New brain-like transistor performs energy-efficient associative learning at room temperature

In a breakthrough development, researchers at Northwestern University, Boston College, and MIT have created a brain-inspired synaptic transistor that mimics human intelligence. This transistor processes and stores information simultaneously, introducing a new era of neuromorphic computing that aligns closely with the brain’s architecture. Unlike previous brain-like computing devices, this transistor is stable at room temperature, operates at high speeds, consumes minimal energy, and retains stored information even when power is removed. The research, titled “Moiré synaptic transistor with room-temperature neuromorphic functionality,” published in the journal _Nature_, signifies a significant advancement in AI and machine learning technologies.

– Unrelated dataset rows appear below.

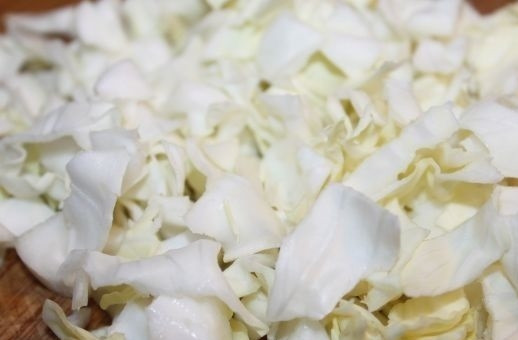 1. Этап. Овощное рагу с капустой в мультиварке: 1. Нашинкуйте капусту и выложите её в чашу мультиварки.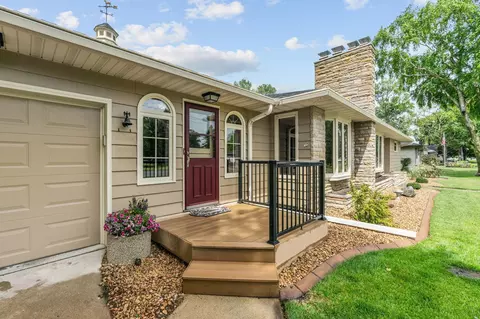719 Park Ave, Hamburg, MN 55339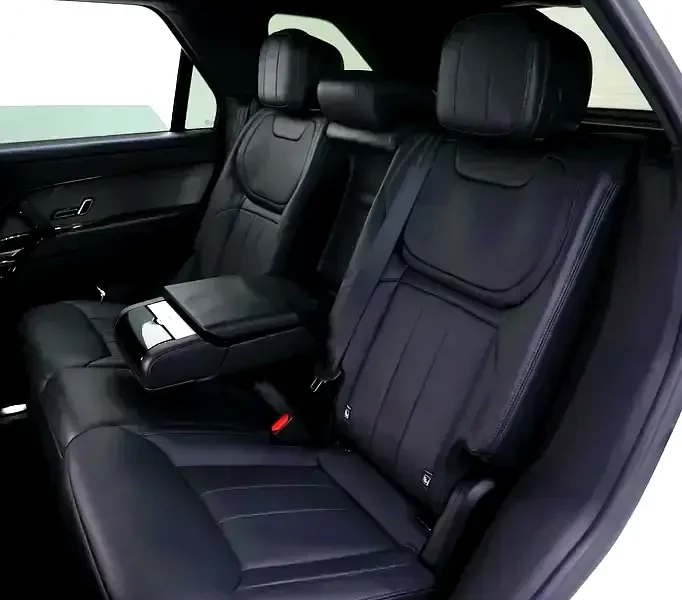 2024 Land Rover Range Rover Sport HSE Dynamic 3.0-L 6-cylinder Engine White Black SUV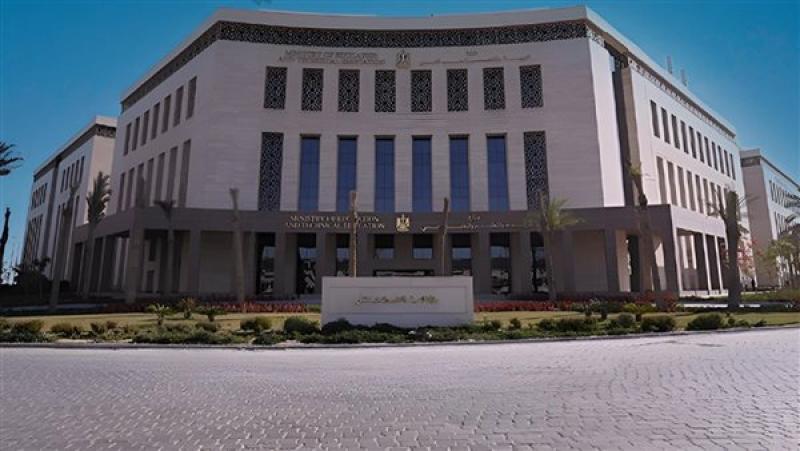 التعليم تكشف تفاصيل حصول طالبتين من أوائل الدبلومات الفنية على نفس الدرجات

The team led by Northwestern’s Mark C. Hersam leveraged moiré patterns, a unique geometrical design arising from stacked two-dimensional materials, to engineer this innovative transistor. By combining bilayer graphene and hexagonal boron nitride and purposefully twisting them to form a moiré pattern, the researchers achieved unprecedented tunability of electronic properties at room temperature. The transistor was trained to recognize similar but not identical patterns, successfully displaying associative memory and higher-level cognition in experiments, setting it apart from traditional AI algorithms.

The new brain-like transistor addresses the inherent limitations of conventional digital computing systems by offering concurrent memory and information processing, significantly enhancing energy efficiency. Hersam and his team’s groundbreaking exploration of moiré physics and advanced materials presents a paradigm shift in computing hardware, especially for AI and machine-learning tasks. Through this innovative development, the researchers aim to steer AI technology towards higher-level thinking, which can better handle complex real-world conditions, making it a potential game-changer for various industries, including autonomous vehicles and data-intensive applications.